Peterson was asked to run for the town board by a retired board member – a fellow farmer who had served eight terms. He felt it was necessary to keep the voice of agriculture on the board, which is why Peterson threw his hat in the ring. The rural township of Bangor has a population of 568 people. Peterson said it is easy to get elected in his township, and he ran unopposed.
When discussing the issues they face, Peterson said one of the main challenges in his area is land use.
“We’re located in La Crosse County, and the city of La Crosse keeps encroaching on the rural side,” he said. “They’re pushing us to develop more of our land base, but I’m fighting to keep our township rural and trying to get the right people to assist us in keeping agriculture viable in our county.”
For Kusilek, road issues are going to be a bigger part of future discussions.
“How do we work with the state and township to figure out financing?” She said. “There are not enough funds to maintain the roads.”
With a $7 billion budget surplus in Wisconsin, Tranel said people should be asking for more for their rural areas.
“Agriculture is not a step-child or second-class citizen in this state, but sometimes we get treated that way,” he said. “I’m very adamant to make sure rural Wisconsin has a seat at the table, and there are opportunities right now to change how we do things. We have to seize the opportunity. If we don’t ask, we’re not going to get it.”
By serving on boards, farmers are able to help educate and communicate the dairy message.
Balancing government responsibilities with farm and family life can be tricky, but Tranel, Kusilek and Peterson said it can be done. Tranel has found technology useful in saving time. Meeting on Zoom can save him a day of travel.
“You have to be good with time management, and you have to want to do both – farming and serving,” Tranel said. “Because I represent a rural area, my constituents are pretty understanding that I can’t attend every event. I represent a lot of farmers, and they understand and appreciate that I’m still farming. I’m still very much one of them.”
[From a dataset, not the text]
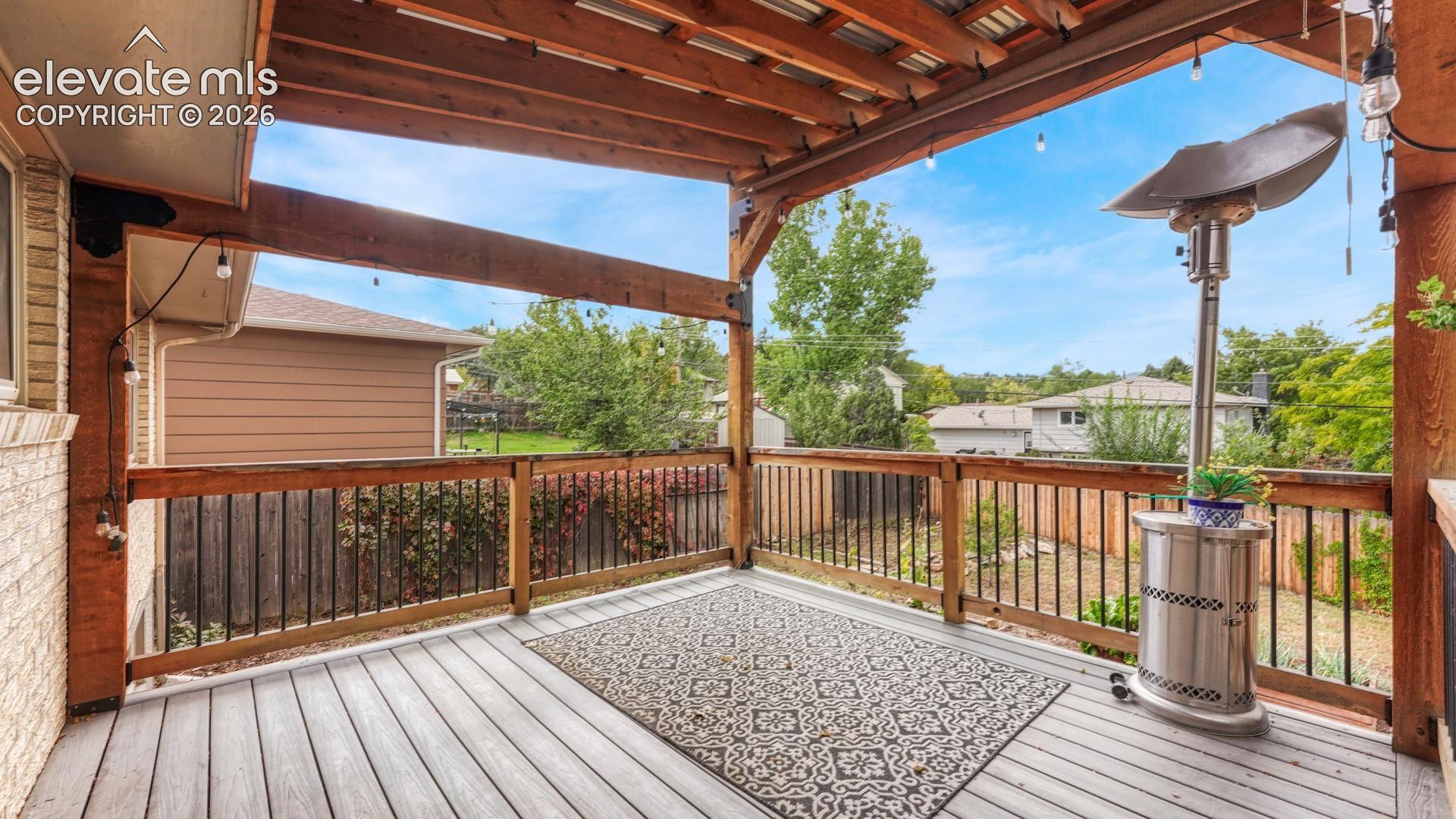 Photo 31 of 6392 Turret Drive, Colorado Springs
For Kusilek, the board typically meets at night, and committee meetings are held during the day, which works well for her schedule.
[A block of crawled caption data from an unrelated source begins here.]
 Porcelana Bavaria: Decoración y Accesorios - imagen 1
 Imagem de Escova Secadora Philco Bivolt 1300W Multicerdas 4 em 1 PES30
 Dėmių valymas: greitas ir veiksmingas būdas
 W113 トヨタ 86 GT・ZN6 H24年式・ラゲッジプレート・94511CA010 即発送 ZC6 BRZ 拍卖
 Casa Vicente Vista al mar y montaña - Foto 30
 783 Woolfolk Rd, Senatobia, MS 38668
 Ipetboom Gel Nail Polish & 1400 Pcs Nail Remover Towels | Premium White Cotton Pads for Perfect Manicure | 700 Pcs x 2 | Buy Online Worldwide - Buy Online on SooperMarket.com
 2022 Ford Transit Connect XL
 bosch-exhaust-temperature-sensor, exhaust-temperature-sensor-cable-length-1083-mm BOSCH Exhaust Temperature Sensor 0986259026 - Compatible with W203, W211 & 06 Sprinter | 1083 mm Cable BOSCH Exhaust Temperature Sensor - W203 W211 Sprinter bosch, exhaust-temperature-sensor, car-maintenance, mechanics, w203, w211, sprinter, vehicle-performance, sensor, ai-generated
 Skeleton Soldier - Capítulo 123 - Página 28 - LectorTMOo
“If you do have time to run, and have an interest in running, get on and get your voice heard,” she said. “There are all kinds of people willing to help you if you raise your hand and say you are interested.”
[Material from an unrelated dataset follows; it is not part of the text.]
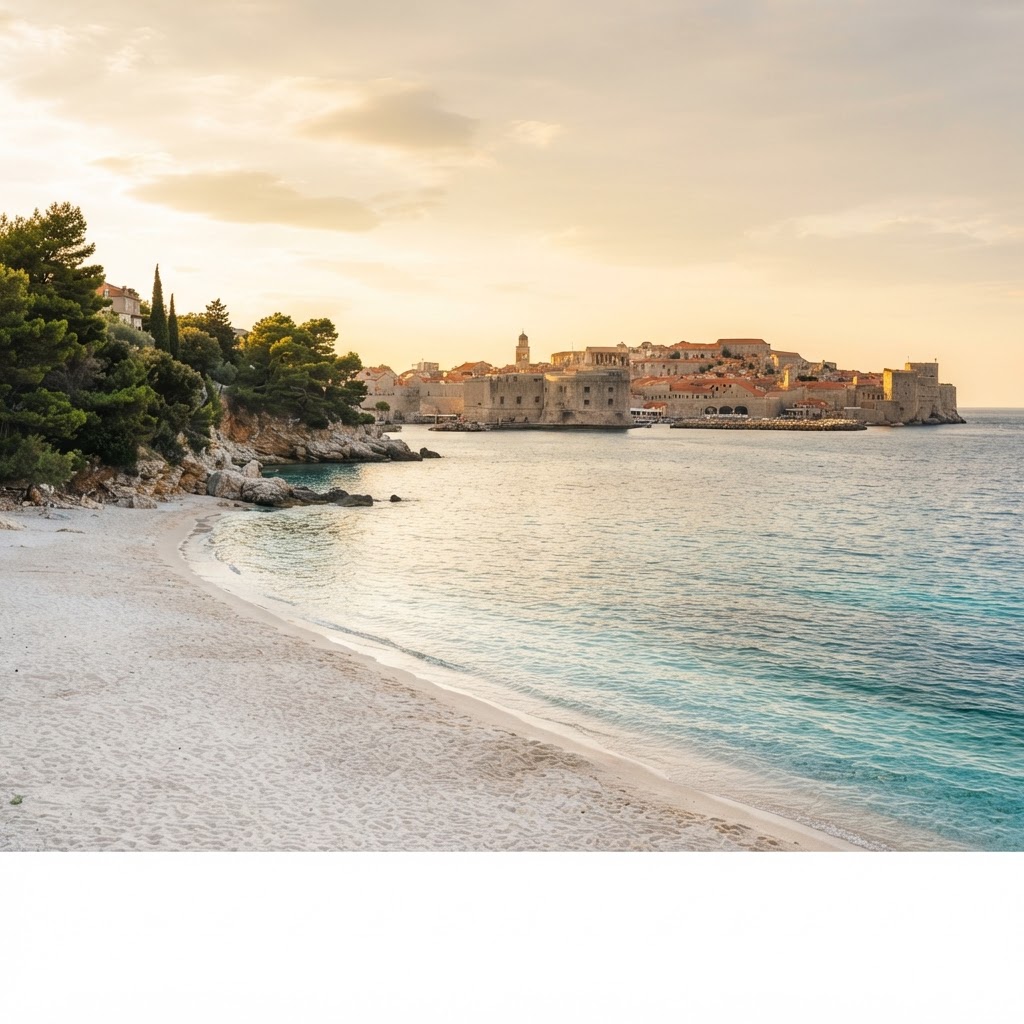 Dubrovnik Coastal Retreat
For those farmers wanting to get involved in some capacity but unable to devote the time to serve, there are options.
“We’re always looking for people to serve on committees at the county level,” Kusilek said. “If you don’t want to run for office, you could make an impact this way.”
“You can make a big difference without serving,” he said. “Know who your town and county reps are. You should have their phone number, and they should answer when you call. If your town or county board is going through a contentious issue, write a letter to your newspaper editor to help these guys out. There are lots of things you can do to be involved and helpful without running for office.”
Both Kusilek and Peterson said they do not field many calls in their positions. However, Tranel does.
“People call me all the time,” he said. “You have to have thick skin at the state level. No matter what you do, probably 40% of the population won’t agree with it. You have to know you’re doing the right thing for the right reasons. I’m happy when certain people don’t agree with me, then I know I’m in a good spot.”
All three panelists said there is a great need for farmer representation at every level of government and consider it a realistic opportunity.
“If you feel you have the desire to serve, I would highly encourage it,” Tranel said. “But make sure your heart is in it and that you want to do it for the right reasons. It’s a lot of work, and you have to be willing to make the commitment. It’s doable, and you can be more effective than you realize.”